Monday, September 26, 2005

Mr. Speaker Speaks

Mr. Speaker's local paper did a two part series on him and his school finance problem. The first part, Austin political maelstrom daunts education reform didn't add anything new to the debate. Just the Speaker playing the martyr and how he is still licking his wounds from all of those school superintendents that beat up on him over two special sessions:
"I get blamed for everything else, but I was not at the Alamo," Craddick quipped at a Midland Young Republicans luncheon Thursday at the Petroleum Club. He said the Battle of the Alamo primarily was fought over what the "Texicans" felt was the responsibility Mexico had shirked to provide schools.

Reinforcing his recent observation that education lobbyists blocked reforms, Craddick said he often has looked into the House gallery this year to see superintendents and their lobbyists "high-fiving it when we lost an amendment.

"It's very difficult to pass anything when all the school districts are for waiting on the Supreme Court," he said, referring to the pending court ruling on how the state's 1,056 districts will be funded.
When asked why the legislature failed the answer is because he couldn't keep his own party in line:
The speaker said numerous people have asked why legislators failed to enact reform when they control the House and Senate and every statewide office. But while the 150-member House has 87 Republicans, 12 often side with the 63 Democrats, making a 76 vote majority hard to achieve.

"I've voted more in the three years I've been speaker than all the speakers in history," Craddick said. "I don't mind voting, but it's unusual that I would have to. It's that tight."

He noted the GOP dissidents crossed party lines June 27 to bolster an amendment by Rep. Scott Hochberg, D-Houston, supplanting House Bill 2 and forcing him to break a 74-74 tie to avoid spending $3.5 billion more than the state could afford.

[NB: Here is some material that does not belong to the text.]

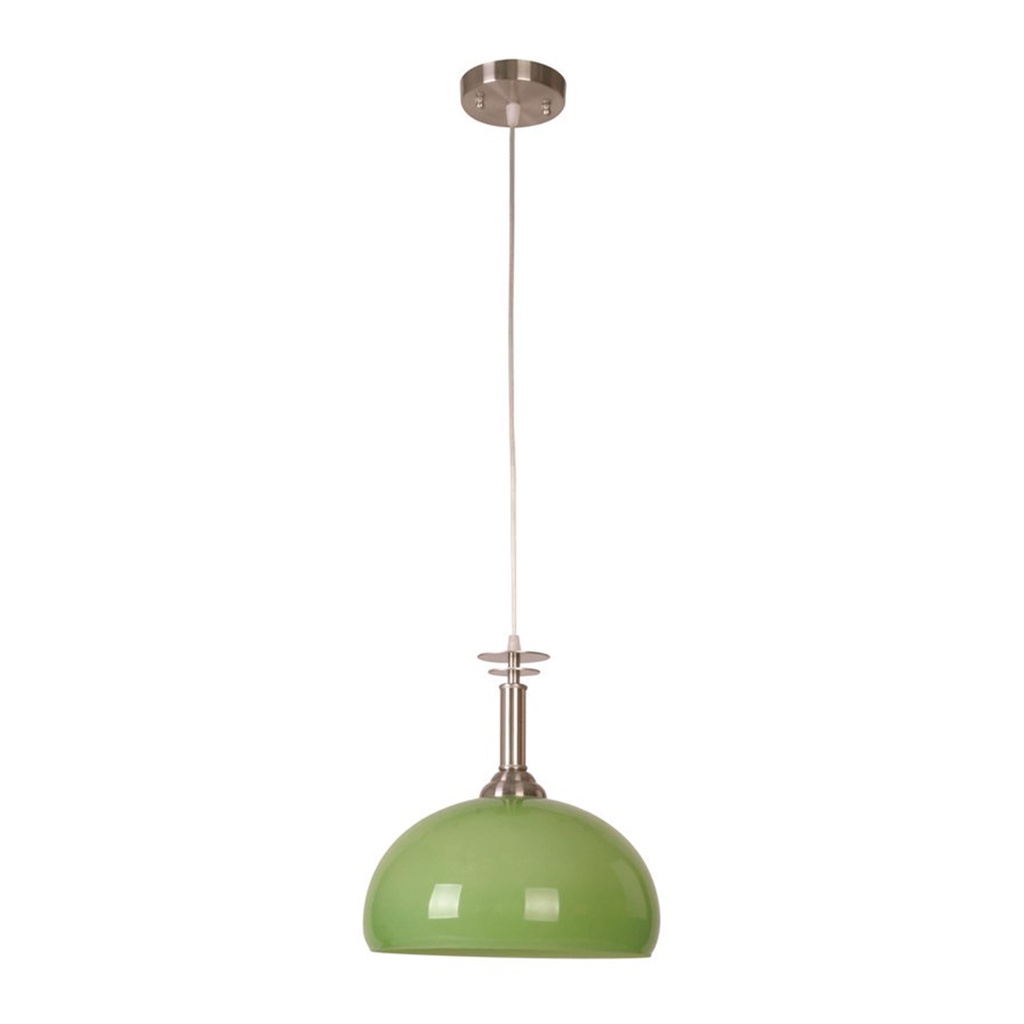 Colgante verde 1 Luz E27 60W acabado níquel satinado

The House had appropriated $30 billion for public school education in the current biennium and then OK'd $34 billion for 2005-07 in House Bill 2 last June 27 on a 77-70 vote. The proposal failed in the Senate.
Craddick tries to blame the problem again on administrators only wanting money and they don't agree, and that number, 65, appears:
"There was always the assumption the districts didn't want reform, they only wanted money. If you look at the bills, there were a lot of reforms in there that the districts never complained about."

Beneski said TASA didn't fight new accountability standards but did not like Craddick's plans to delay starting school until after Labor Day, have school board elections in November instead of May and institute a "65 percent rule" to require that much of districts' budgets to be spent for classroom instruction.

"Security is a big issue in Dallas and the urban districts," Beneski said. "Then you have non-instructional expenses for nurses, counselors, librarians and transportation, where the price of gasoline has gone up.
On to part 2, Craddick airs views on school finance and reform, where it comes pouring out:
With the state Supreme Court poised to rule on the "Robin Hood" system, Craddick will brook nothing but a complete overhaul -- lower property taxes, more accountability and transparency, course-ending exams, an emphasis away from books to technology and post-Labor Day school starts.

The Midland republican also wants a "65 percent rule" to mandate spending that much of districts' budgets in classrooms and to move school board elections from May to November.

"We're going to change the system one way or another," he told Midland Young Republicans at the Petroleum Club Thursday. "We may be there for two or three years, but we're going to get it done. It'll be a system fix.

"We don't need school board elections in gyms on an odd Saturday in the spring."

He said schools spend far too much on administration, vouchers should offer private school alternatives and districts need revenue caps along with lower taxes to avoid property value inflation. "We're not going to pour more money into this bottomless pit without reform," he said.

"As long as I'm speaker, we're not going to do it."
Oh, boy, there it is. "Robin Hood" gone, lower property taxes, more accountability, transparency, exams, Computers not books, post Labor-day start date, "65% Rule", November elections, vouchers, lower taxes, no more money into schools. Holy crap! Well that's all as long as he's still Speaker. I'll let this comment to the article do the talking:
"We're not going to pour more money into this bottomless pit without reform," "As long as I'm speaker, we're not going to do it."

I think perhaps we can take of the "as long as I'm speaker" part of this quote. Those folks in Austin that were elected to represent not dictate may not be back.
Either that or we need Santa Claus for Speaker for Craddick to get everything he wants.